DIRECTIONS: Restate, exactly as written, the entries below from the line that holds "8-in-1 Manicure Pedicure" through the line that holds "博亚boya(中国) 铜梁龙总司理: 若下半年营收情况邃密, 本年有望相差均衡". Pictures are not part of the copy.

DATA IN THIS EXERCISE:
--

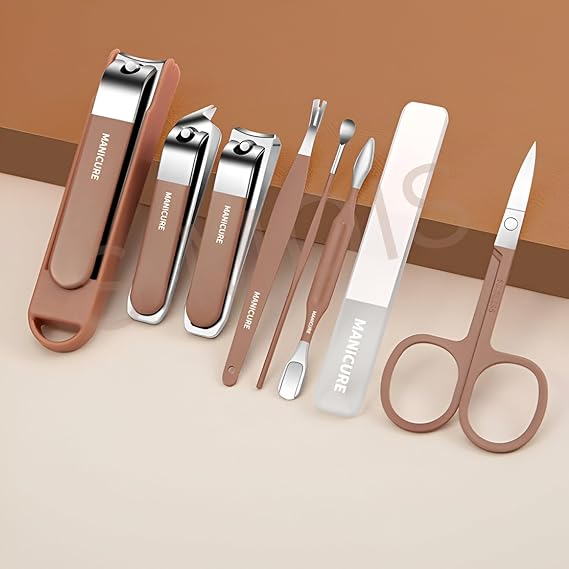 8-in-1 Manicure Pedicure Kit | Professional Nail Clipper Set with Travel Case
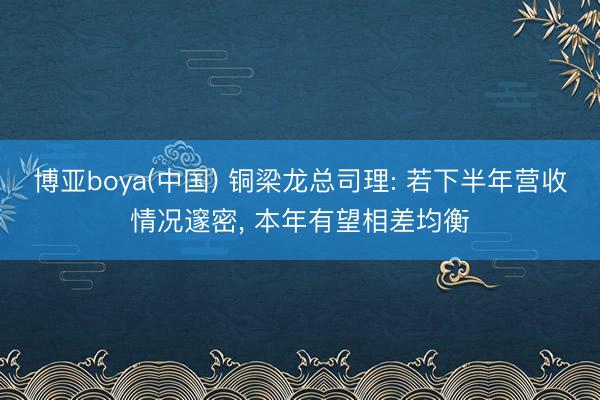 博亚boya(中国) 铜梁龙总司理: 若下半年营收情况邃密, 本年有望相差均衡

--

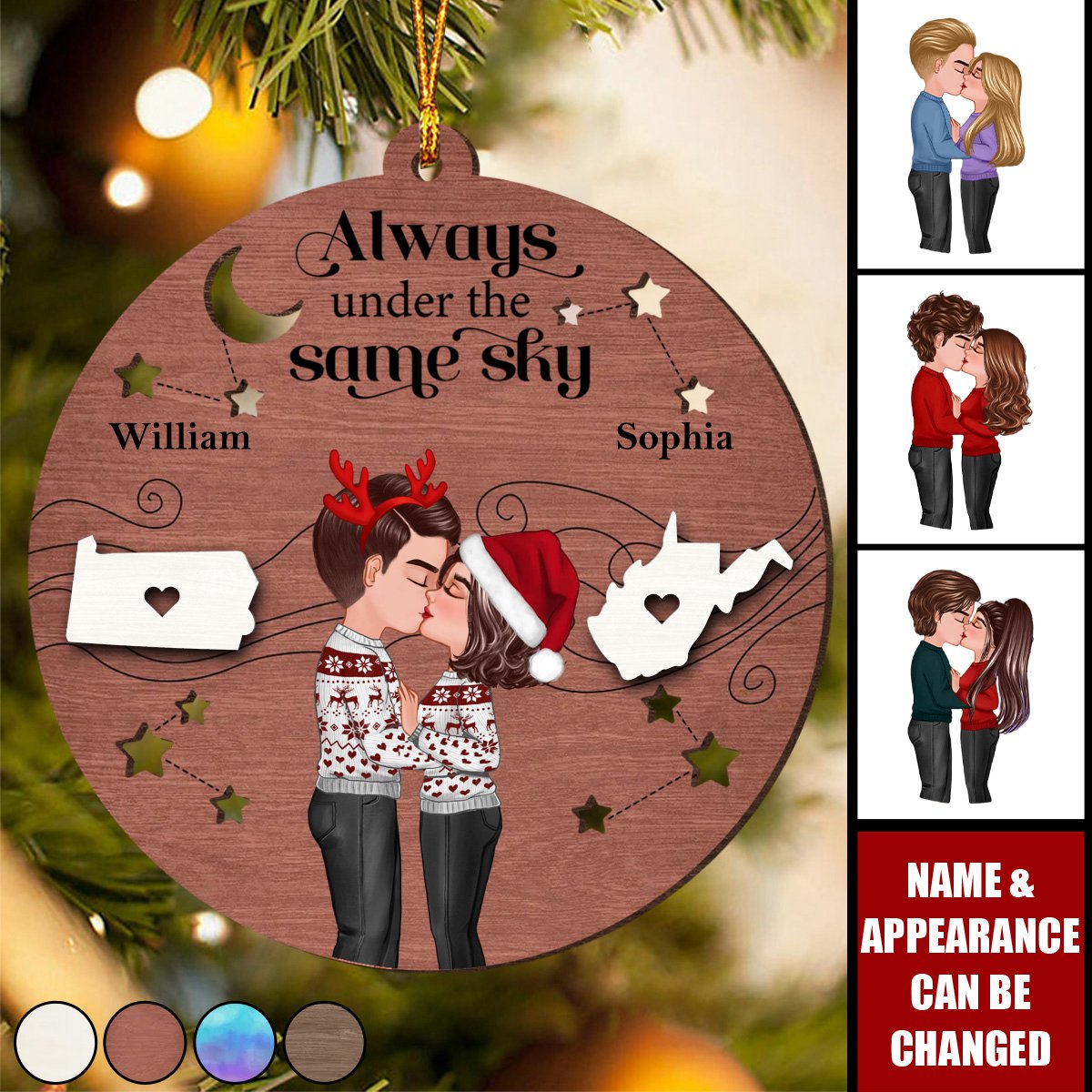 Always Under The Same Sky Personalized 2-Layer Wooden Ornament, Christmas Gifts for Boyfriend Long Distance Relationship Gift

--

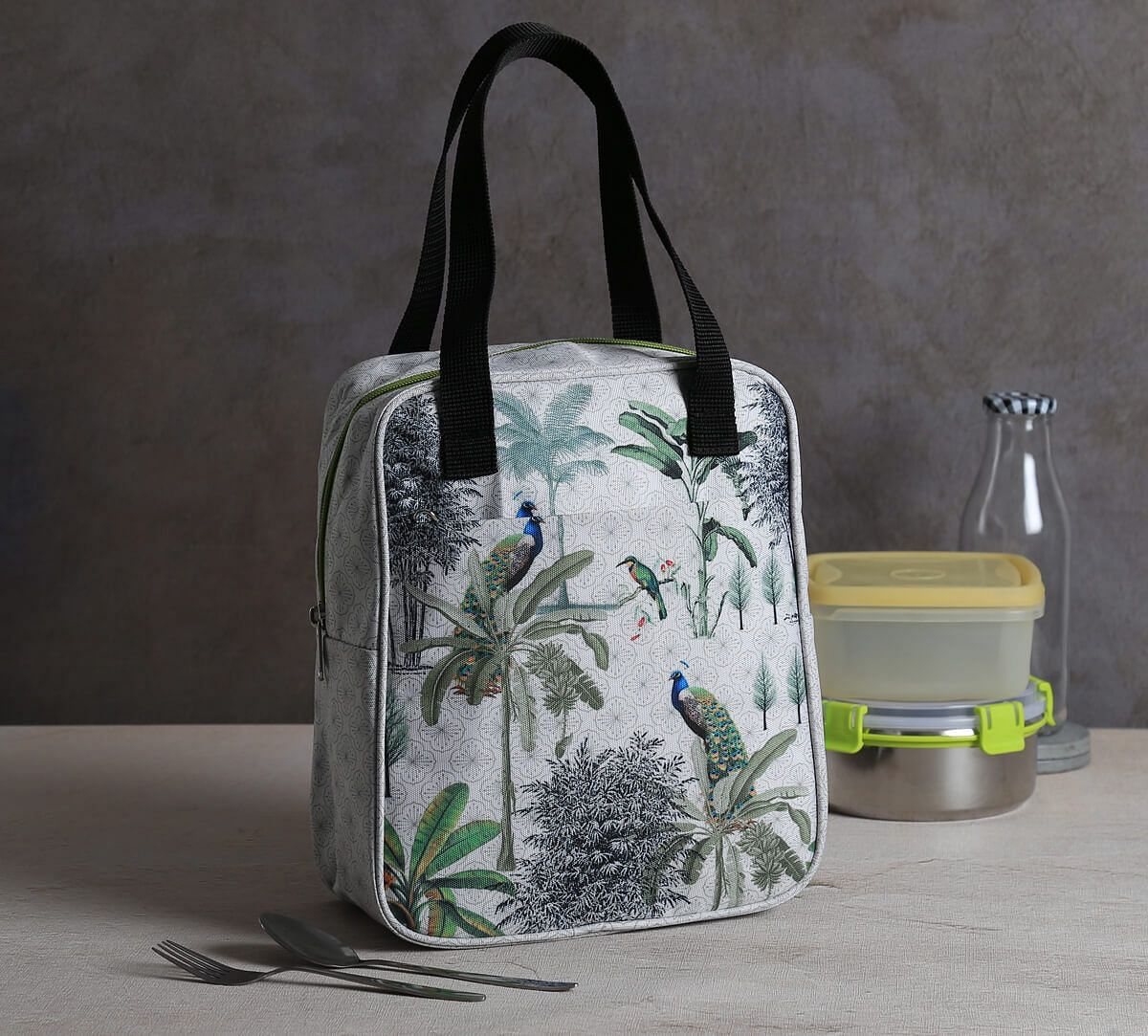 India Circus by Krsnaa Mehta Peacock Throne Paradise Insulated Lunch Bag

--

ANSWER BELOW:
 8-in-1 Manicure Pedicure Kit | Professional Nail Clipper Set with Travel Case
 博亚boya(中国) 铜梁龙总司理: 若下半年营收情况邃密, 本年有望相差均衡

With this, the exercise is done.